Recently I was at a student’s home, helping him rehearse for a video presentation. After a few run-throughs, I figured he’d do a better job recording the clip without an audience, so I stepped outside his room to give him space. On my way out, I quickly perused his bookshelf for something to keep me occupied. Apart from textbooks, there were only four books on hand: two dog-eared John Grisham novels, a fake-looking “true story” purporting to be the scandalous psychic memoirs of a 19th century industrialist’s wife, and a fat novel called Lace, touted on the back cover as “a big, brash and bouncy novel” – from 1982.* Everyone knows it’s pointless to spend only 3 minutes on a Grisham novel (especially the only two Grishams you’ve actually read), and the print in the psychic diaries was ridiculously tiny, so I went with Lace.

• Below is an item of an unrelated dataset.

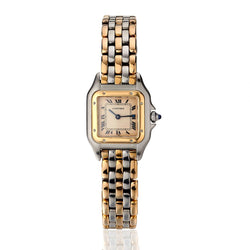 Cartier 18KT Yellow Gold And Stainless Steel 22MM Panthere Watch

Now, Lace is the kind of book I’d have secretly read as a young teen – full of secrets, scandals, glamour, decadence and, of course, steamy sex scenes (as written in the Dark Ages).I wouldn’t have given it a second glance in the years since. This time, with three minutes to spare, I’d give it the old “count the adjectives and adverbs” test (too many of either = bad writing) from the first two pages. Surprisingly (I hypocritically write, using an adverb), it passed the excess-modifiers test with flying colors. But what really caught my attention were these short lines on the first page:
… she liked comfort; so one suitcase contained her pink silk sheets, her special down-filled pillow, and the baby’s shawl, delicate as a cream lace cobweb, that she used instead of a bed-jacket.”
Bingo! All of a sudden I knew what I’ve been lacking, for countless years, without even knowing it! You see, I love reading in bed at night, but it’s a problem in winter: my lower body is snuggly warm under the covers, but my neck and shoulders shiver. Wearing a housecoat in bed doesn’t cut it; it bunches up around my legs and annoys me. Sweaters don’t do the trick either—not cozy enough. My mother, I remembered, used to have a soft pink bed-jacket in her closet that intrigued me: when and why would one wear such a garment? (I never saw her wear it until she was bed-ridden with my youngest brother in utero.) Now that I remembered such a thing existed, would I ever be able to find one? I suspect they’ve fallen out of use altogether. But just as I yearned for what I’d probably never have, here was the solution: a baby’s shawl, delicate as a cream lace cobweb. Surely that was more easily sought, and found. Yes, it was exactly what my almost-perfect reading life has been lacking. And I’m going to find one – hopefully in shades of lilac and rose. My newest “must have” is waiting for me in a thrift store nearby — I’m sure of it!
The moral of this story? Keep your eyes open as you rush through your days, glancing at bits and pieces of “useless information”. You never know what might move you, stir you, shout in you – “That’s what I should do/get/be!” I’m not talking about excess consumerism and wanting whatever you lay eyes on. That kind of wanting and getting only breeds the ugly greenies. This is more about making those little ‘inside’ changes that brighten your life and give you a rush of gratitude. Bed jackets. Baby shawls. I can’t wait to find mine.
*For the record, my student has no idea how any of these books ended up on his bookshelf. He never reads anything unless it’s assigned. But he suspects his uncle might be sneaking books in to make room on his own crowded shelves.